> [Provided data]
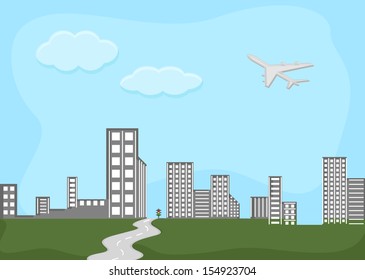 skylines - city - Cartoon Background Vector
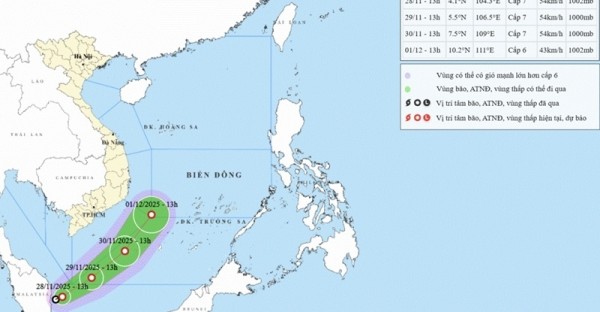 Áp thấp nhiệt đới ven biển phía Đông Malaysia có khả năng đi vào vùng biển phía Tây Nam khu vực Nam Biển Đông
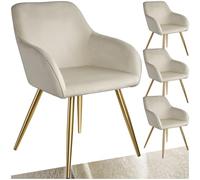 tectake® Set 4 Sedie Imbottite e Braccioli, Effetto Velluto, Portata 120 kg | Schienale Ergonomico, Piedi Dorati, Cappucci Antigraffio, Seduta Alta 47 cm, 58 x 62 x 82 cm, Peso 5, 9 kg, Crema/Oro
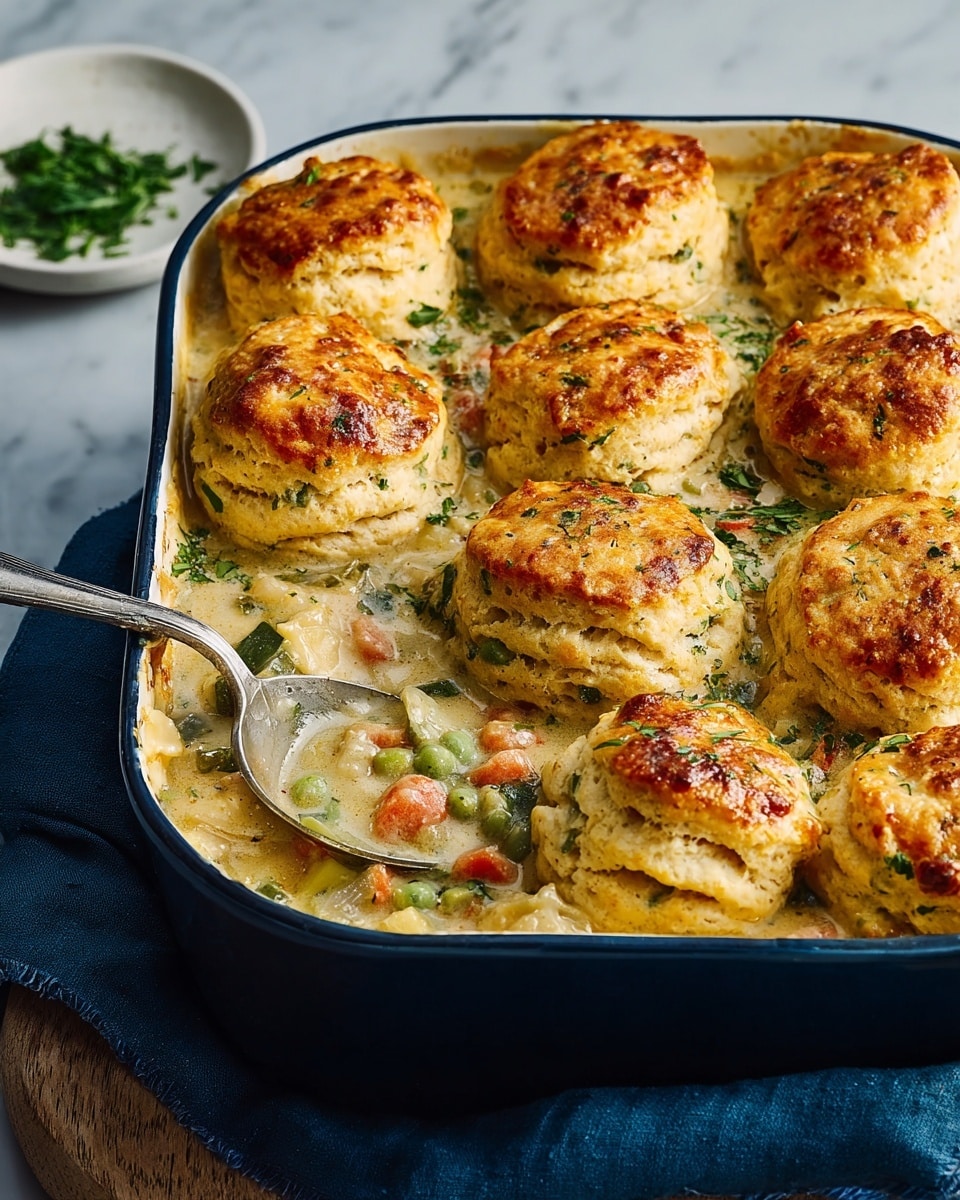 There is a dark blue baking dish filled with a creamy chicken and vegetable stew base that includes pieces of green, red, and orange vegetables. On top, there are ten large, golden-brown biscuits with a crispy texture, arranged in a close grid. The biscuits have an airy, fluffy look with some green herb flecks on them. A silver spoon is scooping up some of the stew and biscuits, adding motion to the scene. The dish sits on a wooden surface partly covered by a blue cloth, and in the background, there is a small white plate with chopped green herbs. The overall setting is on a white marbled texture surface. photo taken with an iphone --ar 4:5 --v 7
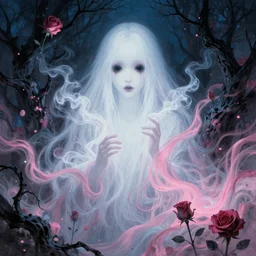 a beautiful terrifying ghost portrait black eyes smoke twisted trees rose blackpink, floating cloth whirlpool, sorayama ethereal horror fantasy art blue, pink, white hues by karol bak raymond swanland, gaston bussiere craig mullins alphonse mucha basil gogos, monet, ruan jia, by wlop, moebius syd mead roger dean yoshitaka amano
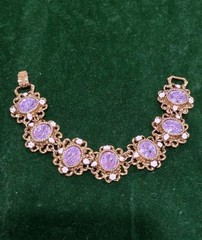 Vintage Huge Purple Blue Color Cyrstal Alexandrite Rhinestone Bracelet 7.5 In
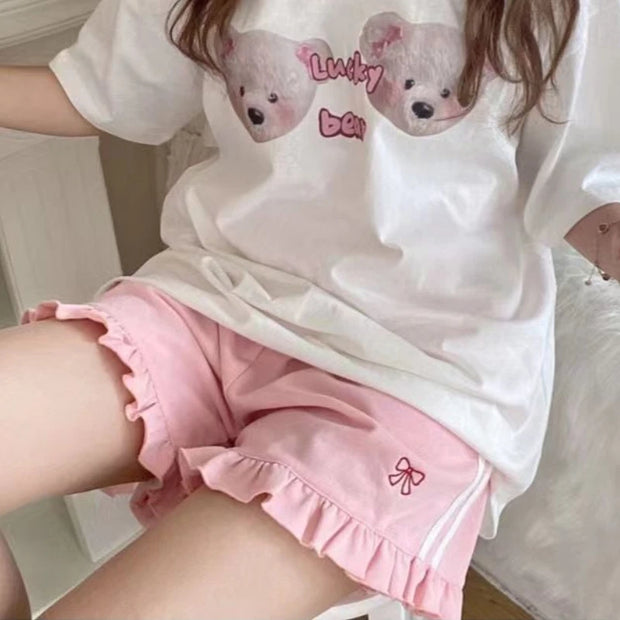 Sporty Shorts Women Ruffles Kawaii Bows Japanese Style Casual Loose Soft High Waist Summer Students Simple Fashion Popular Chic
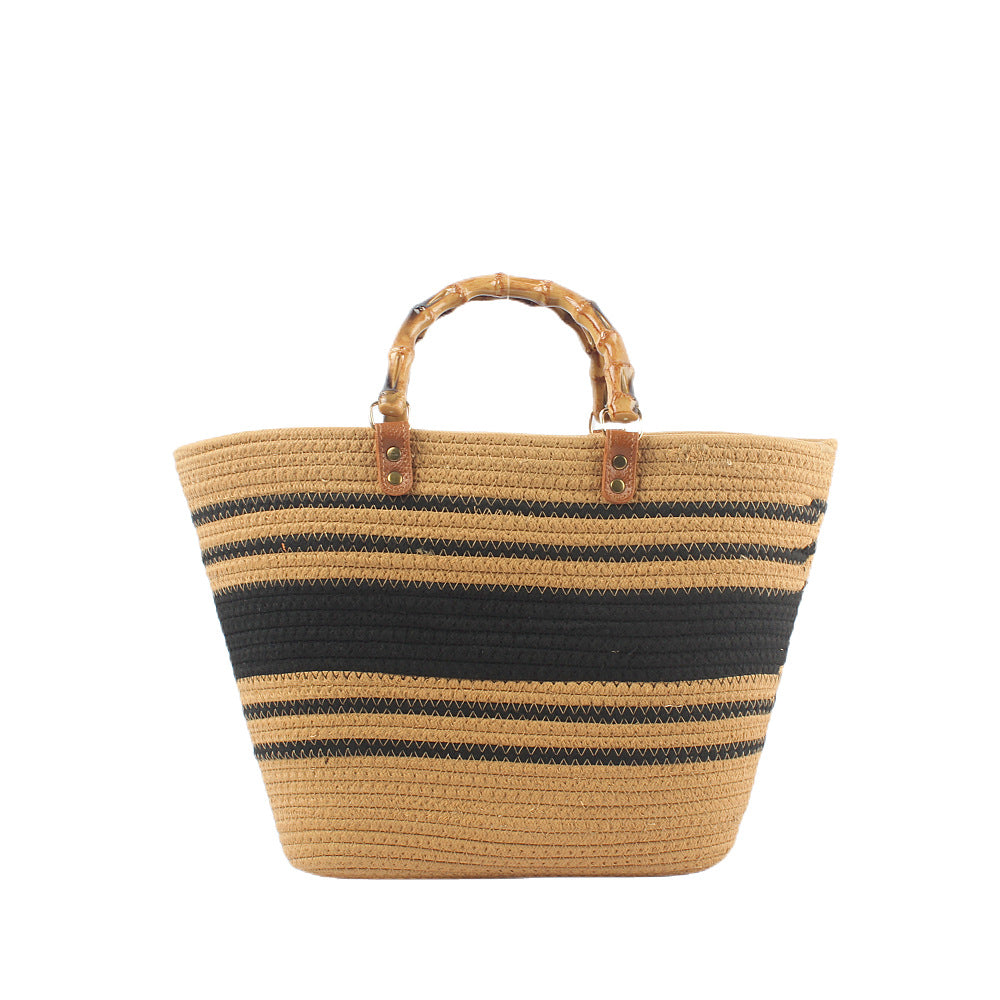 Stylish beach bag with bamboo handles Stornfield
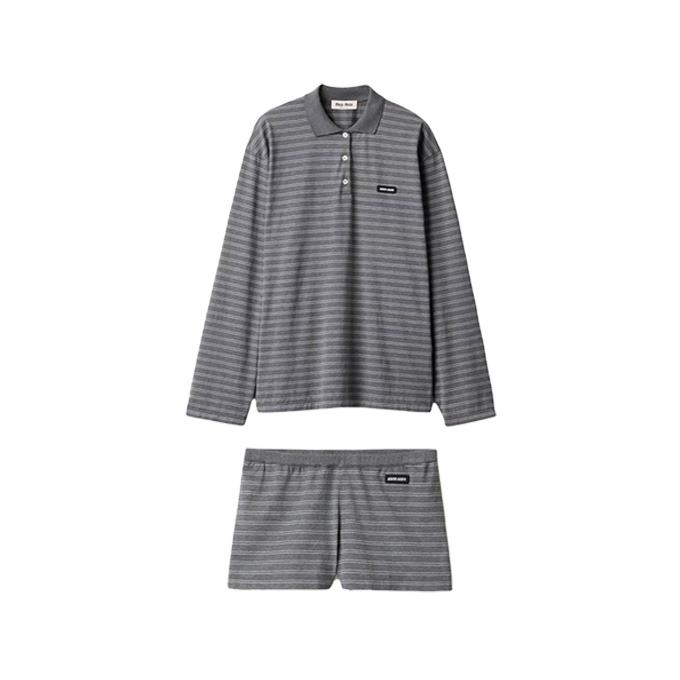 9A+ quality miu miu striped long-sleeve polo shirt & shorts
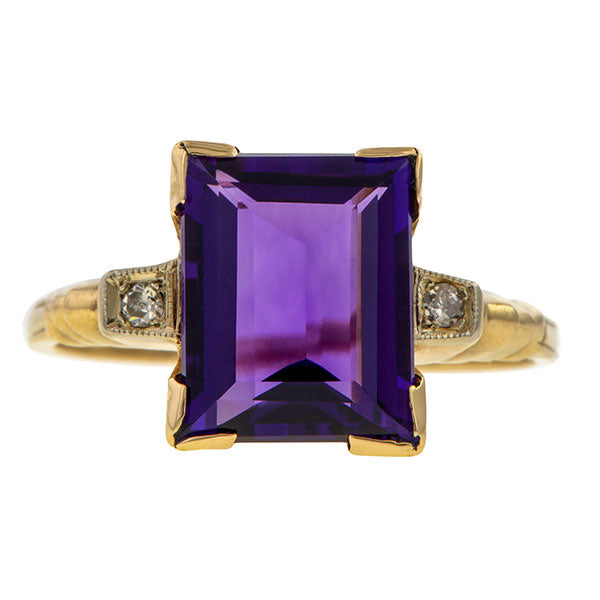 Vintage Amethyst & Diamond Ring sold by Doyle & Doyle an antique and vintage jewelry boutique.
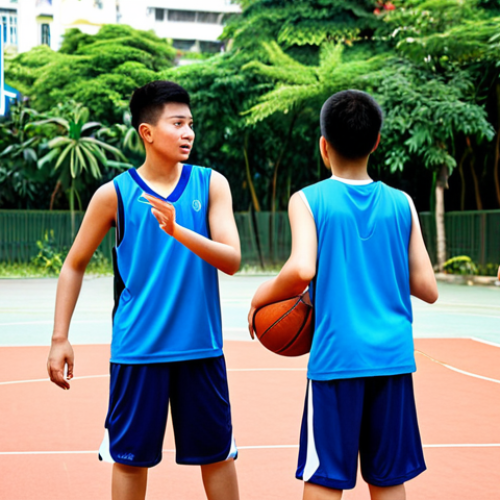 Young Vietnamese Basketball Team Practicing**

"A group of young Vietnamese basketball players (ages 12-15) in matching team uniforms, fully clothed and appropriate attire, practicing drills on an outdoor basketball court in Ho Chi Minh City. The court is well-maintained. Focus on teamwork and determination. Safe for work, family-friendly, professional photography, perfect anatomy, natural proportions, well-formed hands, proper finger count, bright daylight."

**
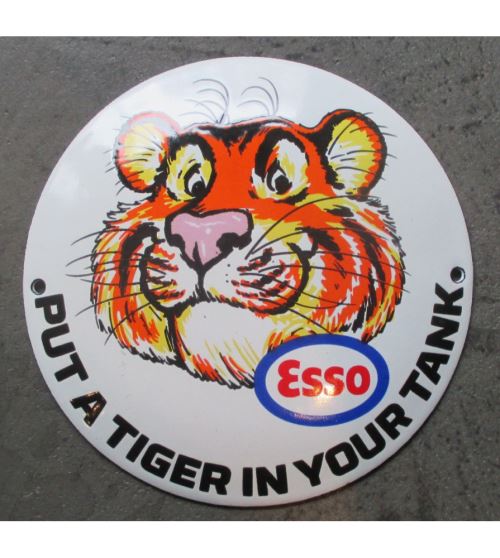 mini plaque emaillée esso tigre put a tiger in your tank tole ronde 12cm deco métal garage huile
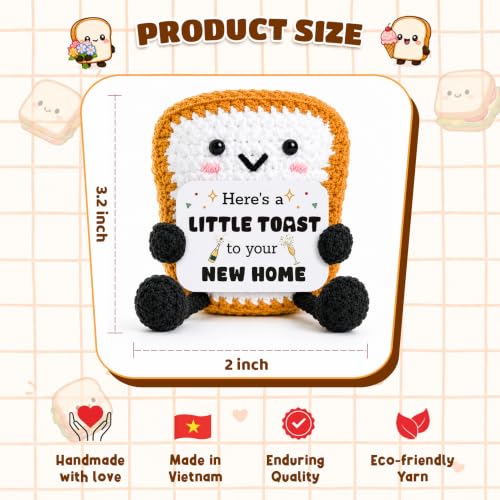 Crochet Toast Housewarming Gift, Cute Positive Toast Crochet with “Here’s a Little Toast to Your New Home”, Funny New Home Gift for Women Men Couples, New Apartment Decor Desk - color: New Home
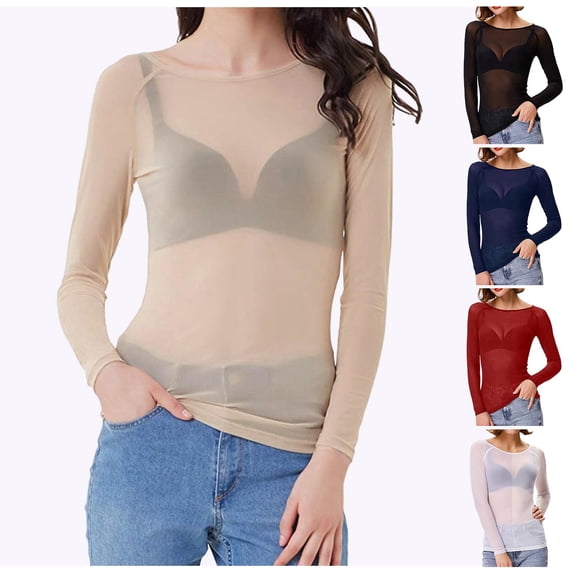 QHWAUAKFBN T Shirts For Women Trendy Graphic See Through Long Sleeve Seamless Arm Mesh Shirt Blouse Tshirts Top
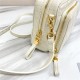 Dior CARO DOUBLE POUCH Supple Cannage Calfskin White High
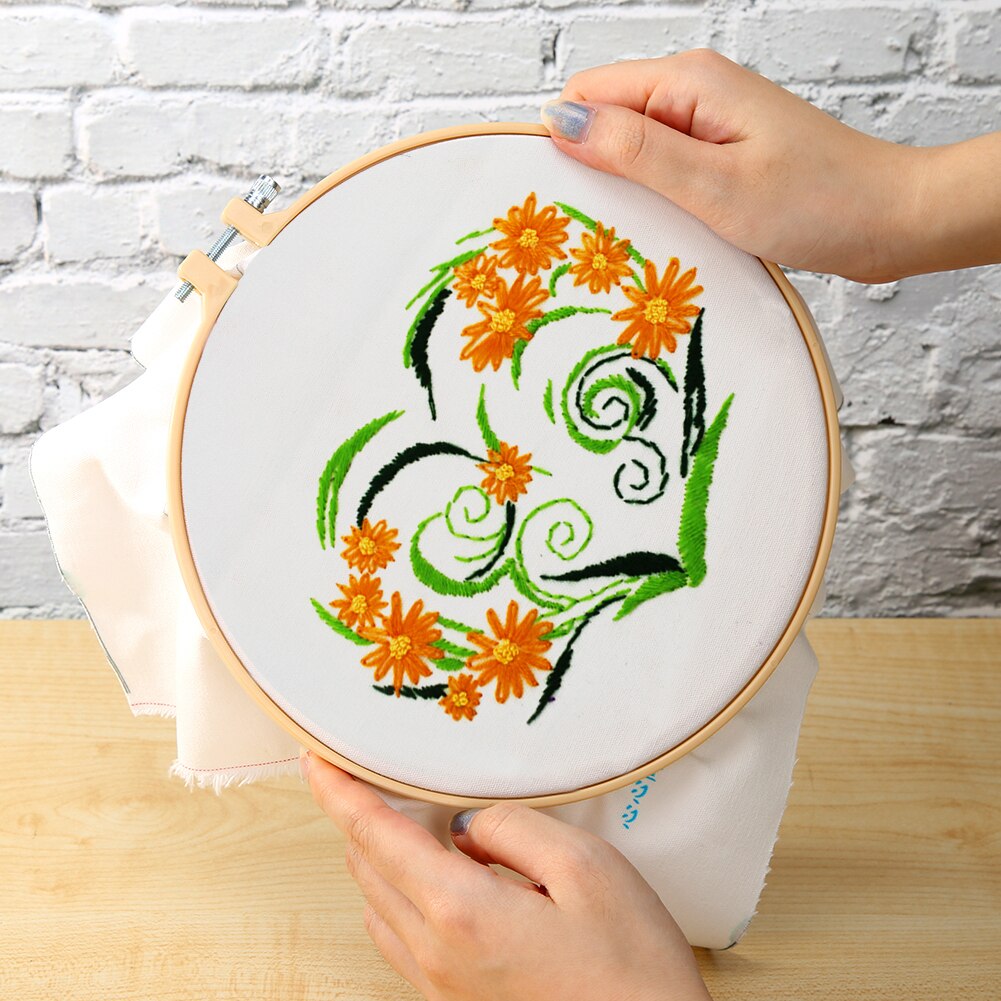 Flor naranja crisantemo flor kit de punto de cruz algodón seda bordado de hilo DIY hecho a mano costura set decoración del hogar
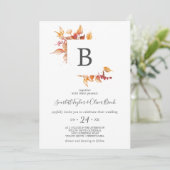 Invitation Feuilles automnales | Mariage Monogramme blanc et  (Debout devant)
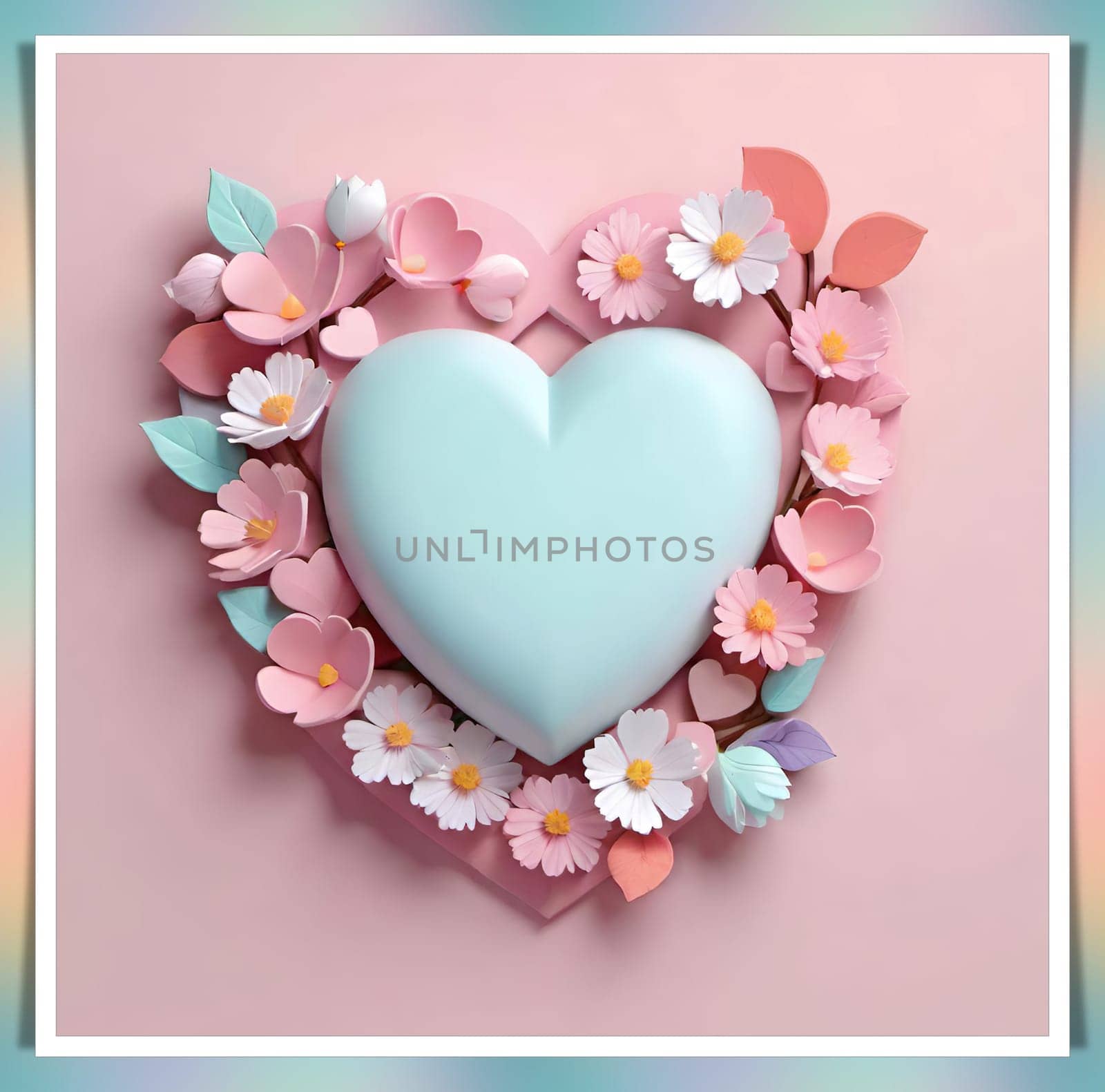 Valentine's Day background with hearts .Pastel colors.Valentine's day greeting card with heart.Minimal Valentine's Day concept. 3D rendering.Valentine's Day greeting card with hearts in pastel colors.Minimal love concept.Computer digital drawing.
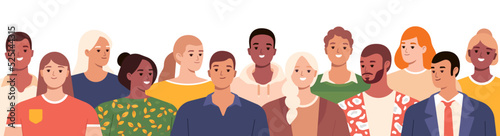 Group of friendly people. Diverse people standing together. Vector illustration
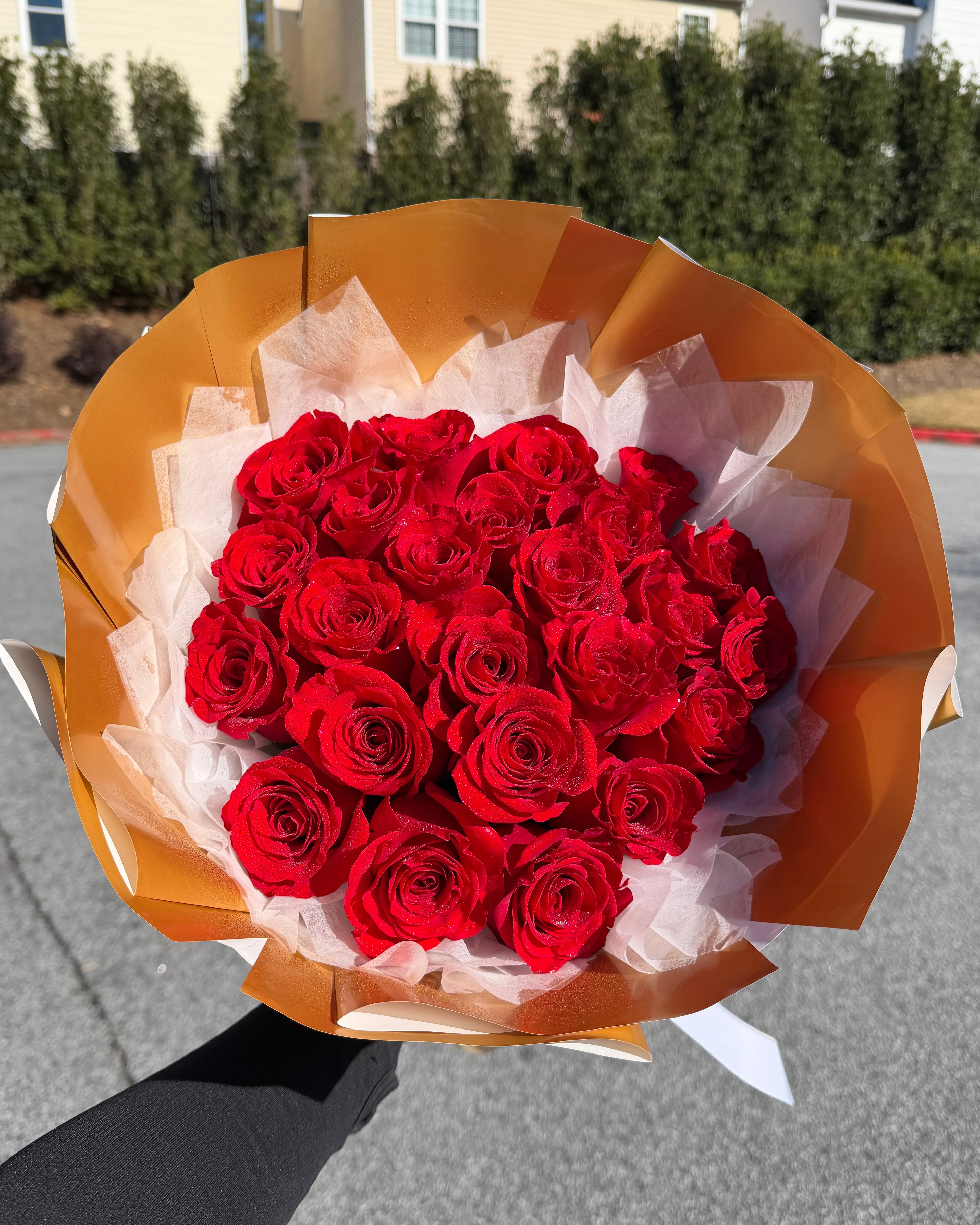 25 Long Stem Roses - Wrapped Bouquet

> [What you should do] In the entries above, find the line containing "Dior CARO DOUBLE" and the line containing "Invitation Feuilles automnales"; give again exactly those two lines and every line between them, minus the pictures.

> [Result of the task]
 Dior CARO DOUBLE POUCH Supple Cannage Calfskin White High
 Flor naranja crisantemo flor kit de punto de cruz algodón seda bordado de hilo DIY hecho a mano costura set decoración del hogar
 Invitation Feuilles automnales | Mariage Monogramme blanc et  (Debout devant)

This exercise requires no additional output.